Eran tiempos felices, tiempos de rencillas amorosas.
—¿Qué tal el colegio?
—Bien. ¿Tú trabajas en ese caso de asesinatos?
—Sí.
Dios, sería capaz de matar por un cigarrillo, de arrancarle la cabeza a uno de aquellos jovenzuelos.
—¿Atraparéis al asesino?
—Sí.
—Papá, ¿qué les hace a las niñas? —preguntó mirando fijamente, como quien no quiere la cosa, la copa de helado casi vacía.
—No les hace nada.
—¿Sólo las mata?
Sus labios estaban desvaídos. Sí, volvía a ser su niña, su hijita indefensa, y le dieron ganas de abrazarla y reconfortarla, y de decirle que el mundo perverso estaba lejos de allí, que con él estaba segura.
—Eso es —contestó.
—Menos mal que sólo hace eso.
Los chicos lanzaban silbidos para atraer la atención de Sammy. Rebus sintió que enrojecía. En cualquier otra ocasión se habría abalanzado sobre ellos para imponer la fuerza de la ley ante sus caritas perplejas. Pero no estaba de servicio; estaba pasando la tarde con su hija, caprichoso resultado de un orgasmo entre gruñidos, un orgasmo en el que un afortunado espermatozoide había alcanzado la meta, cuando, seguramente, Rhona estiraba ya el brazo para coger el libro que estaba leyendo, quitándose de encima, sin musitar palabra, el cuerpo extenuado del amante. ¿Habría estado pensando en el libro todo el rato? Tal vez. Y él, el amante, se sentía desinflado y vacío, un espacio huero, como si aquello no hubiera sido un intercambio. Ése era el triunfo de Rhona.

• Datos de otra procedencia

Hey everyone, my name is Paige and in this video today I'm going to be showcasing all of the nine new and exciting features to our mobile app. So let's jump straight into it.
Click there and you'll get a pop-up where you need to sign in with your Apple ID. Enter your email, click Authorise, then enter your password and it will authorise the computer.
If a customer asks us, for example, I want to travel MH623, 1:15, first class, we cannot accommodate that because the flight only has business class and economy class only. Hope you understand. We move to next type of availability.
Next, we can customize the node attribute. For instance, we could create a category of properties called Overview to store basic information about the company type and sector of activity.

«Y él le pedía a gritos un beso. Un grito de anhelo, de soledad.
»¡Dejadme salir! ¡Dejadme salir!»
—Venga, vámonos.
—Bueno.
Pasaron por delante de la mesa de los excitados chavales, que con sus caras de lujuria apenas disimulada, se alborotaban como monitos, y Samantha dirigió una sonrisa a uno de ellos. «¡Le había sonreído a uno!».

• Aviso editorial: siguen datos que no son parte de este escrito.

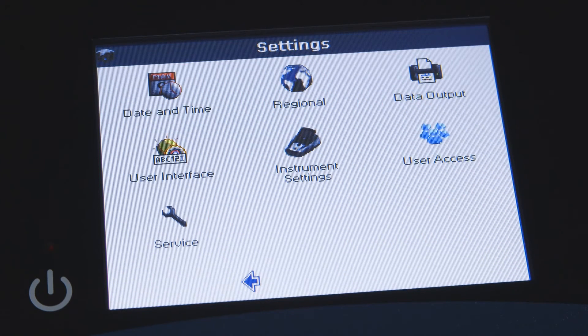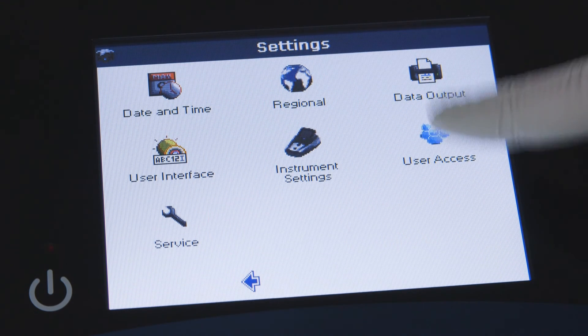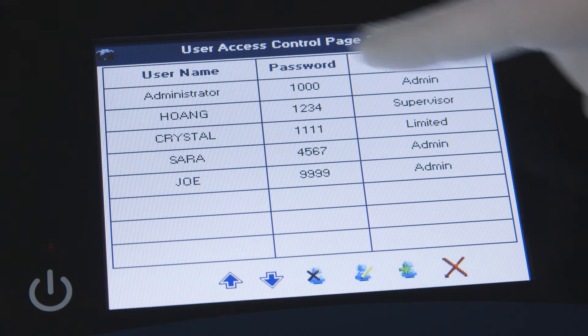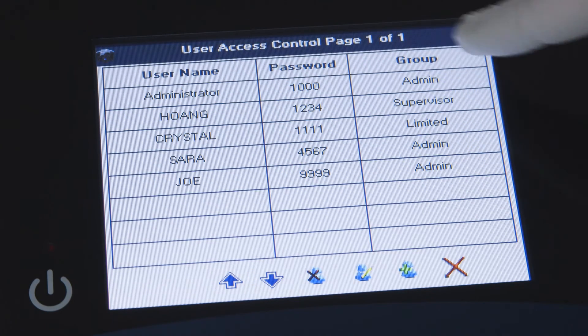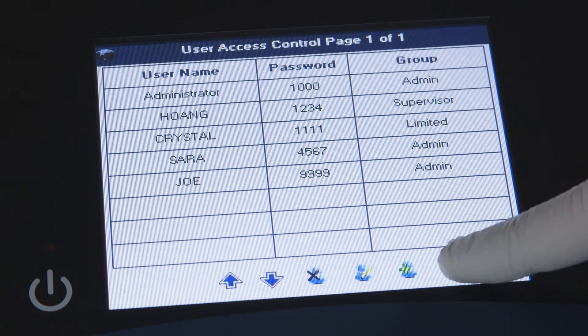In the user access menu option, you may add users and set limitations on software functionality according to the user group permissions.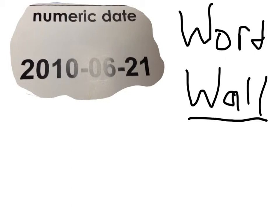My name is Dawn, and today me and my buddy Kyle are going to be doing a word roll about numeric date. Say hello. Hi. So today, as I said, we're doing a word roll on numeric date. And right off the bat, we're going to explain what numeric date is.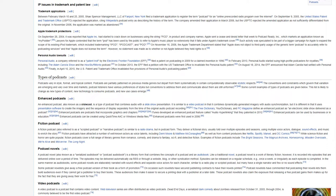Personal Audio Lawsuits. Personal Audio, a company referred to as a patent troll by the Electronic Frontier Foundation, EFF, filed a patent on podcasting in 2009 for a claimed invention in 1996. In February 2013, Personal Audio started suing high-profile podcasters for royalties, including the Adam Carolla Show and the HowStuffWorks podcast. In October 2013, the EFF filed a petition with the U.S. Trademark Office to invalidate the personal audio patent.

Rebus, aspirando una bocanada de aire fresco, se preguntaba adónde iría a parar su mundo, y pensó si sus razones para creer en otra realidad no estarían motivadas por lo odiosa y triste que era la vida cotidiana. Si no había más que eso, la vida era la invención más deplorable de la historia. Podría matar a aquellos críos y querría ahogar a su hija para protegerla de lo que ella misma quería… y obtendría. Comprendió que no tenía nada que decirle ni nada que objetar a lo que aquellos chicos hacían; que él no tenía nada en común con ella, a excepción de su propia sangre, mientras que ellos lo tenían todo en común con Samantha. El cielo estaba oscuro como en una ópera de Wagner, oscuro como el pensamiento de un asesino. Imágenes de oscuridad mientras el mundo de John Rebus saltaba en pedazos.

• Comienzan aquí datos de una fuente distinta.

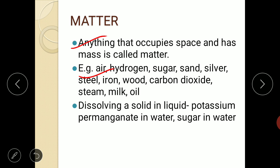Matter can be classified in a number of ways. Our Indian philosophers say that all matter — living or non-living — is made up of five basic elements: air, earth, fire, sky, and water — known as Agni, Prithvi, Akash, Jala, and Vayu. Modern day scientists classify matter in two ways: on the basis of physical properties into solids, liquids, and gases; and on the basis of chemical properties into elements, compounds, and mixtures.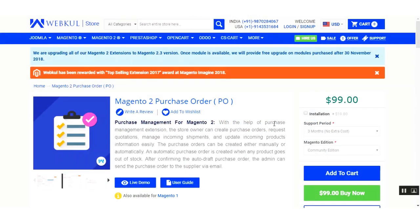Welcome to this new video tutorial of the Magento Purchase Order extension. In today's tutorial, I'll be showing you how the admin can procure products using the auto and manual mode.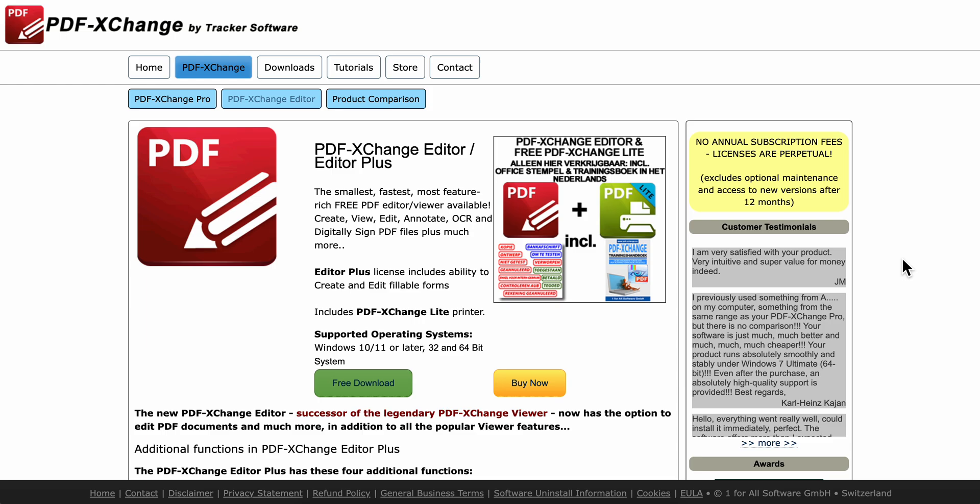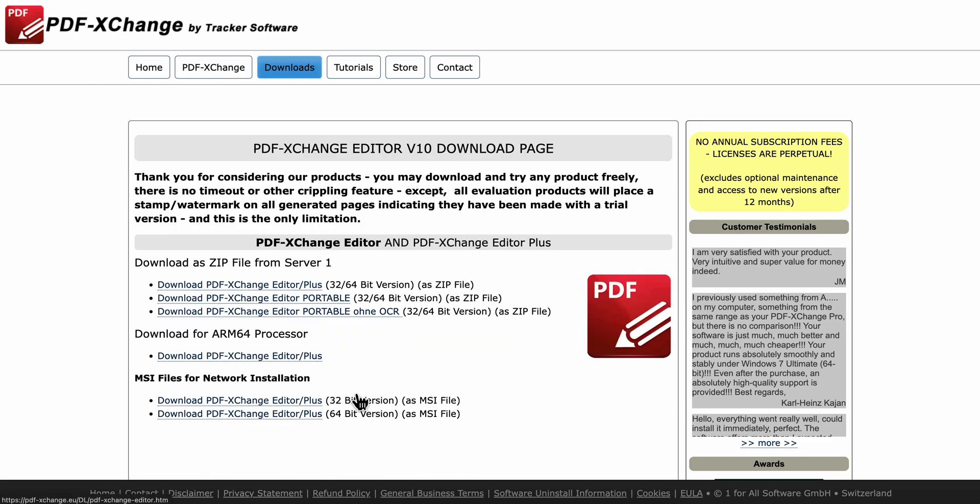How to edit your PDFs using PDF-XChange Editor. What you're going to have to do is simply go to their official website and then click on free download.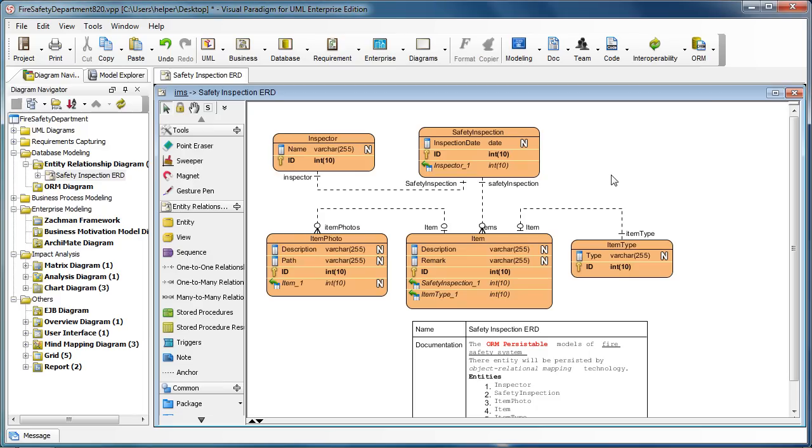The Visual Paradigm for UML, the Smart Development Environment, and the Database Visual Architect all support generating DDL statements for your database design.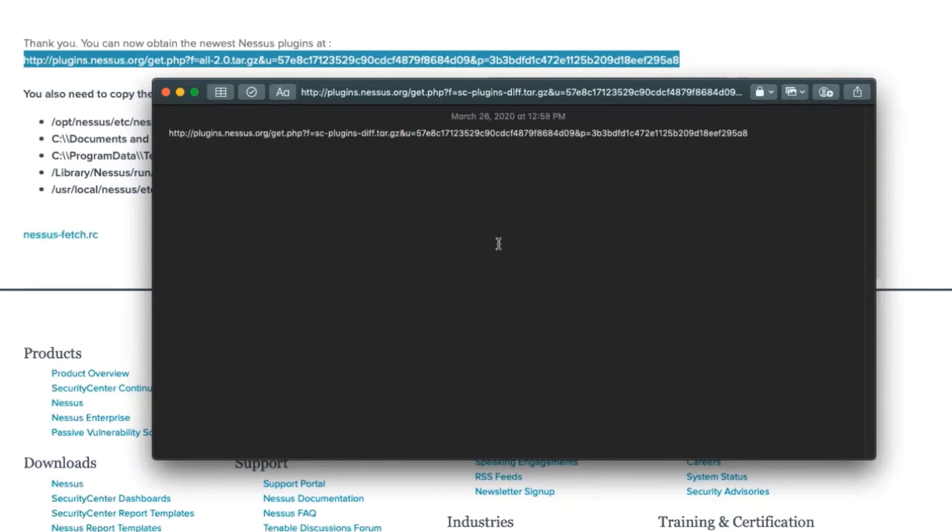When you access this particular URL, you'll then be able to download our plugins in a tar.gz file. Once you have the plugins downloaded, you'll then want to navigate to your Tenable SC console as the administrator.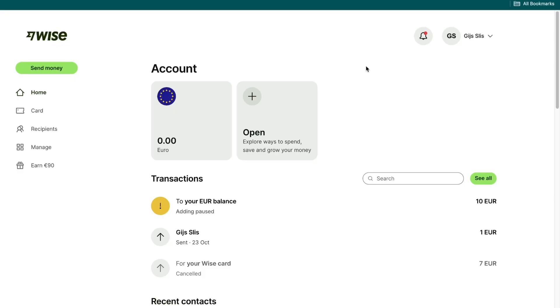In this video, I will show you how to send money from Japan to Nepal. To do this, I recommend using WISE. I recommend it because WISE is one of the most reliable, fastest, cheapest, and easiest ways to do this.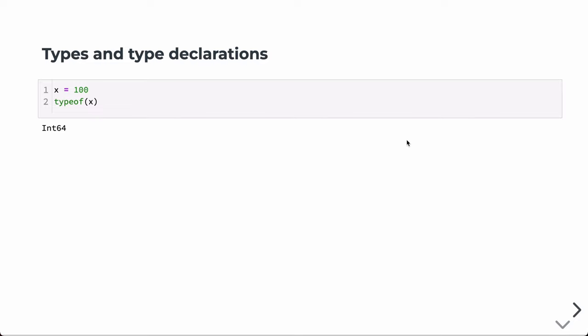In this lecture, we're going to talk more about the type system in Julia. We've already looked at this when we talked about functions a little bit, but we're going to go into more detail here.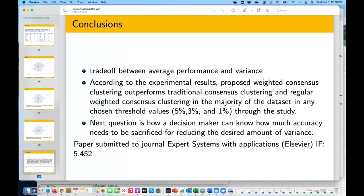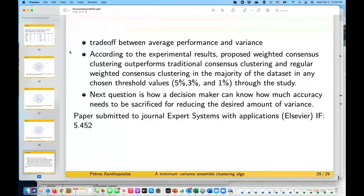I've omitted a lot of the technical details and results. We submitted a paper to the journal Expert Systems with Applications by Elsevier. We received reviews just before Christmas, worked on revisions over January, and submitted it back in January. We got minor revisions and are now waiting to hear about the second round of review. That pretty much concludes the presentation and the research we've been working on. I'll be happy to take any questions.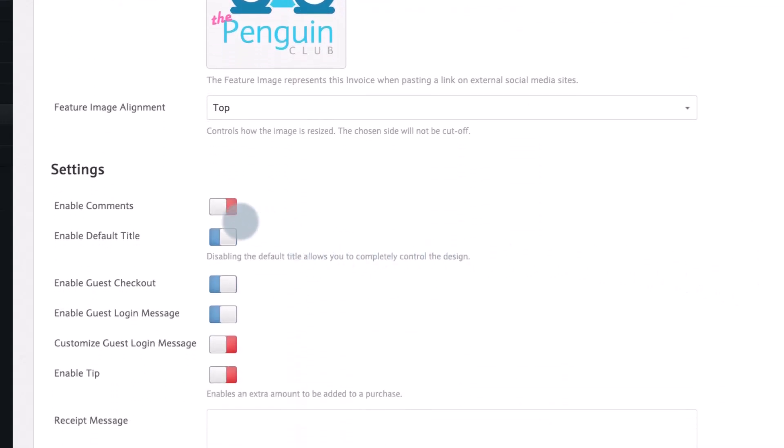Enabling the comments would allow your invoice recipients to ask questions directly on the invoice display page.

—Es la hora —dijo ella; a su lado, pero mucho mayor que él, mucho más llena de vida—. Es la hora.
Y lo era.
—Démonos prisa, que va a llover —dijo Rebus.
Se sentía cansado y recordó que no había dormido, que había dedicado la breve noche a una tarea hercúlea. Cogió un taxi para volver a casa —a la mierda el gasto— y llegó casi arrastrándose por la escalera hasta la puerta de su piso. Olía muy fuerte a meados de gato. Dentro, en el suelo, había una carta sin sello. Lanzó una maldición. El malnacido se movía como quería sin que lo descubrieran. Abrió el sobre y leyó la nota.
NO VAIS A NINGUNA PARTE,
¿VERDAD? A NINGUNA PARTE. FIRMADO
Firmado no estaba; no había ninguna firma escrita. Pero dentro del sobre, como en un jueguecito de niños, apareció el bramante con nudo.
—¿Qué te traes entre manos, señor Nudos? —dijo Rebus cogiendo el bramante—. ¿A qué viene esto?
El piso estaba como una nevera: otra vez había saltado el automático.